08:34Ce qui est triste, finalement, dans cette campagne, c'est que plus généralement, au-delà des questions d'emploi,
08:38on ne parle pas d'éducation, de formation professionnelle, de capital humain, de nouvelles technologies, de productivité,
08:46parce que c'est les gains de productivité qui feront les salaires de demain, et c'est ça qui est dramatique, en fait.
08:51Donc ce n'est pas que le problème de l'emploi, c'est plus généralement le niveau du débat économique très très faible, on va dire.
08:58Bon, voilà, ça c'est le premier point.
08:59Sur le deuxième point, alors, vous mettez l'accent sur quelque chose que peu de gens ont évoqué, c'est la question de la prime d'activité.
09:06Aujourd'hui, quand vous touchez entre 1 et 1,5 SMIC, vous bénéficiez d'une prime d'activité,
09:11qui a été revalorisée au moment de la crise des gilets jaunes.
09:15Et effectivement, il y a quelque chose de totalement flou dans le programme du Nouveau Front Populaire,
09:21c'est qu'est-ce qui devient de cette prime d'activité ?
09:23Si vous ne changez pas les paramètres de la prime d'activité, elle va baisser quand vous allez augmenter le SMIC.
09:28Donc vous avez deux solutions.
09:30Soit la prime d'activité diminue et vous allez perdre d'un côté ce que vous allez gagner de l'autre avec la hausse du SMIC,
09:36c'est ce que dit Abdoul, en fait, et il a sans doute raison,
09:38ou alors, deuxième possibilité, vous augmentez la prime d'activité, c'est-à-dire vous la décalez,
09:42ce qui va vous coûter un certain nombre de milliards d'euros supplémentaires,
09:46qui, je pense, n'est pas intégré dans le programme délirant du point de vue des finances publiques,
09:51en tout cas du Nouveau Front Populaire.

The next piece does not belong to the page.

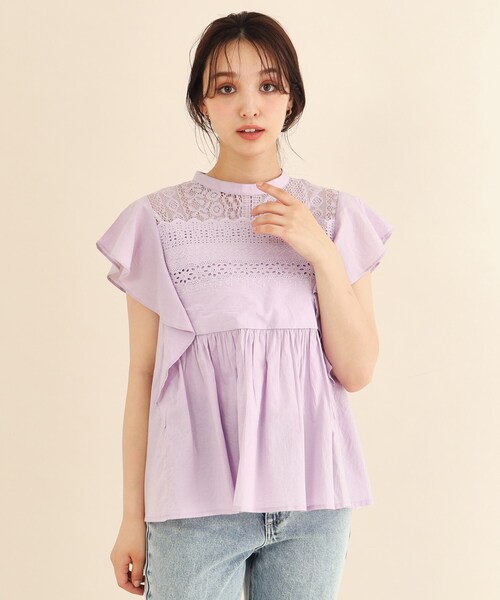 index（インデックス）の「◆コットンローン袖ヒラブラウス【手洗い可】（シャツ/ブラウス・レディース・オフホワイト/パープル/ブラウン系その他・36/38）」の3枚目の写真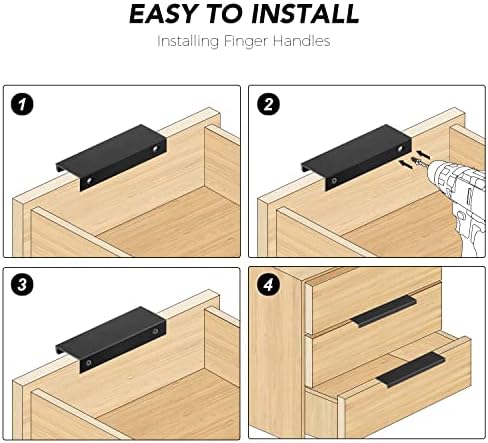Elegant Black Finger Pulls for Cabinets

09:53Délirant ? Vous aussi vous parlez du programme délirant ?
09:56Je pense qu'il y a un consensus pour dire que ça sera une impasse supplémentaire d'environ 200 milliards dans le budget de l'État.

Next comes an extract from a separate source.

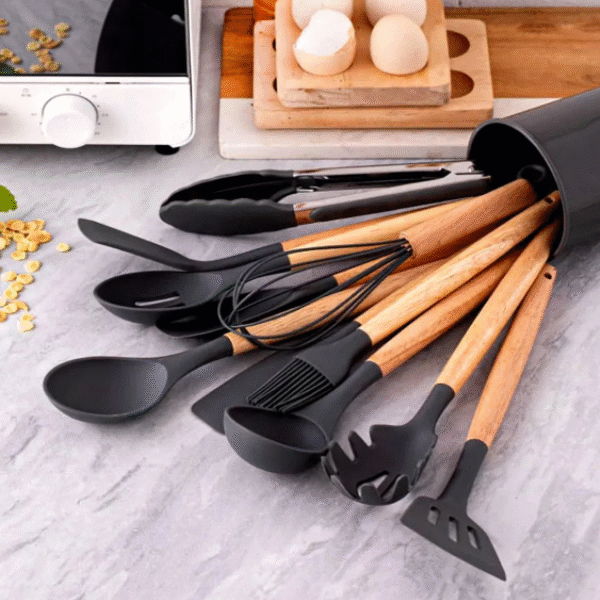 Σετ μαγειρικών εργαλείων με δοχείο μαύρο OEM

10:00Plus délirant que le programme du RN, qui finalement n'a pas trop de programmes, en fait, donc c'est pour ça qu'on ne peut pas trop juger.
10:06D'un côté, vous avez un programme à l'état gazeux, on va dire,
10:08et de l'autre, vous avez un programme qui est quand même assez charpenté, structuré,
10:12chiffrant,
10:13mais oui, vous imaginez, ça ferait une augmentation de 66% des dépenses de l'État,
10:19enfin c'est quelque chose de très cher, alors on peut se rassurer en disant qu'il ne serait pas appliqué,
10:23évidemment, mais là on fait l'hypothèse, on est obligé de faire l'hypothèse qu'il serait appliqué.
10:27Merci beaucoup Bertrand Martineau d'avoir décrypté tout ça pour nous ce matin sur France Bleu Paris.